Le juge de la mainlevée définitive examine seulement la force probante du titre produit par le créancier, sa nature formelle, non la validité de la créance (arrêt du Tribunal fédéral 5A_427/2011 du 10 octobre 2011 consid. 2). Il ne statue que sur la base des pièces produites, en l'occurrence un jugement exécutoire ou un titre assimilé à un tel jugement; il n'a ni à revoir ni à interpréter le titre de mainlevée qui est produit (ATF 124 III 501 consid. 3a; 113 III 6 consid. 1b).

Est exécutoire au sens de l'art. 80 al. 1 LP le prononcé qui a non seulement force exécutoire, mais également force de chose jugée – qui se détermine exclusivement au regard du droit fédéral –, c'est-à-dire qui est devenu définitif, parce qu'il ne peut plus être attaqué par une voie de recours ordinaire qui, de par la loi, a un effet suspensif (ATF 131 III 404 consid. 3; 131 III 87 consid. 3.2).

Par "extinction de la dette", l'art. 81 al. 1 LP ne vise pas seulement le paiement, mais toute autre cause de droit civil, comme la remise de dette, la compensation ou l'accomplissement d'une condition résolutoire (ATF 124 III 501 consid. 3b). Le poursuivi ne peut se borner à rendre sa libération vraisemblable; il doit, au contraire, en apporter la preuve stricte (ATF 136 III 624 consid. 4.2.1 et les références citées).

3.2 Une décision nulle ne sortit aucun effet juridique (ATF 129 I 361 consid. 2.3). Dès lors, pour s'opposer à la continuation de la poursuite, le poursuivi peut invoquer la nullité de la décision présentée comme titre de mainlevée définitive (arrêt du Tribunal fédéral 5P.178/2003 du 2 juin 2003 consid. 3.1). En effet, cette nullité doit être constatée d'office, en tout temps et par toutes les autorités chargées d'appliquer le droit, y compris dans la procédure de mainlevée d'opposition. L'absence de l'usage d'une voie de droit ne fait pas obstacle à la recevabilité de ce moyen (ATF 133 II 366 consid. 3.1; 129 I 361 consid. 2 in initio; arrêt du Tribunal fédéral 5D_213/2017 du 30 avril 2018 consid. 2.2, publié in SJ 2019 I p. 85).
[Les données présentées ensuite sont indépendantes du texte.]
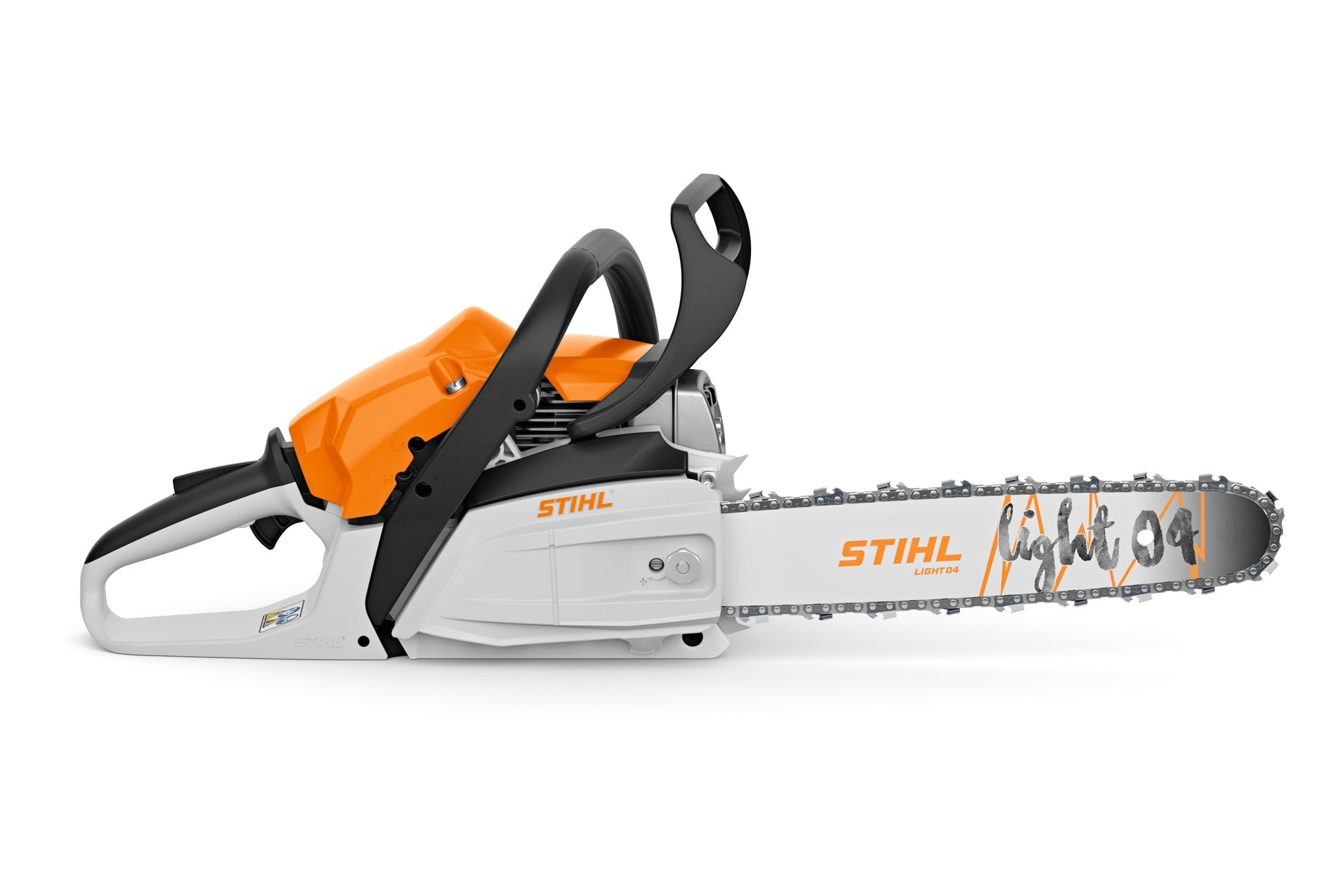 Tronçonneuse à essence STIHL MS 182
La nullité d'une décision ne peut être retenue qu'à titre exceptionnel, si le vice qui l'affecte est particulièrement grave, s'il est manifeste ou du moins facilement décelable et si, de surcroît, la sécurité du droit n'est pas sérieusement mise en danger par l'admission de la nullité. De pareils motifs résident dans l'incompétence qualifiée (fonctionnelle ou matérielle) de l'autorité ou la violation grossière de règles de procédure (ATF 138 II 501 consid. 3.1; 137 I 273
consid. 3.1; 133 précité consid. 3.2; arrêt du Tribunal fédéral 5D_213/2017 précité consid. 2.2); en particulier, l'incompétence ne peut être invoquée si la décision émane d'une autorité qui a un pouvoir général de décision dans le domaine concerné (ATF 99 Ia 423 consid. 3). Des vices de fond ne conduisent qu'exceptionnellement à la nullité (ATF 129 I 361 consid. 2). La nullité ne peut pas être reliée à un critère formel mais ne peut être admise que lorsque le bien juridique touché présente une valeur particulièrement élevée (arrêts du Tribunal fédéral 5A_567/2019 du 23 janvier 2020 consid. 7.2; 5A_356/2009 du
4 août 2009 consid. 4.2).

3.3 En l'espèce, contrairement à ce que soutient la recourante, le Tribunal a dûment mentionné l'existence de la procédure en constatation de nullité, mais a retenu que cette circonstance était sans portée, s'agissant d'une voie de droit extraordinaire.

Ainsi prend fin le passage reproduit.